Step 3: Data in RDBMS
We have created a table and loaded data into it. Now, let’s see how many records we have in this table.
SELECT * FROM employee LIMIT 10;
Step 4: Create Sqoop Job to ingest data
The template of a sqoop job looks like:
sqoop import \ --connect jdbc:mysql://<host>:<port>/<db-name> \ --driver com.mysql.jdbc.Driver \ --username <username> \ --password <password> \ --table <table_name>
For our job requirement, we have created a sqoop job:
sqoop import \ --connect jdbc:mysql://localhost:3306/db_bdp \ --driver com.mysql.jdbc.Driver \ --username root \ --table employee \ --split-by id \ --target-dir /user/bdp/sqoop/import
import – used when ingesting data from RDBMS to Hadoop
connect – Used to connect with the specified connection string
driver – Used to connect to mysql
username – To get access the MySQL table
split-by – It has been given to perform a sequence.
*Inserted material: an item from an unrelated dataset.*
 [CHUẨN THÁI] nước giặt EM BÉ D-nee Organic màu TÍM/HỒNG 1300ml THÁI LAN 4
We do keep the primary key of the table in split-by. In case, you don’t want to mention any column for a split-by then mention -m 1 instead of –split-by.
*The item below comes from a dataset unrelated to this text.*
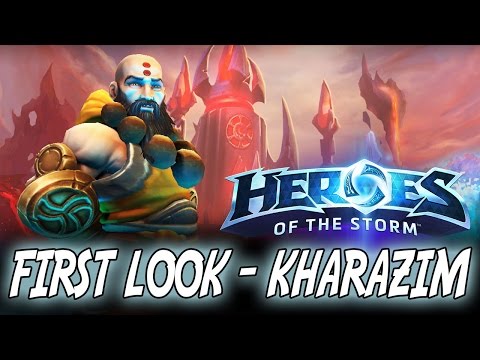 KHARAZIM - FIRST LOOK! - Heroes Of The Storm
target-dir – Destination location where data will get dump
\ – Given to mention all the rows in a single line command
Step 5: Job Execution
Once we have done with the Sqoop job. Let’s execute it. It will start a MapReduce job
Step 6: Output
When you check the output directory, you will see 2 type of files SUCCESS and part-m-, where SUCCESS represents the completion of the job and part files keeps data.
hadoop fs -ls /user/bdp/sqoop/import
We can check the number of records using the command:
hadoop fs -cat /user/bdp/sqoop/import/* | wc -l
Wrapping Up
In this post, we have seen how we can import data from MySQL to HDFS using Sqoop. We have used a couple of arguments in Sqoop Job which includes MySQL configuration, source table, destination path etc. Once data is available in Hadoop ecosystem, you can process this data for analysis.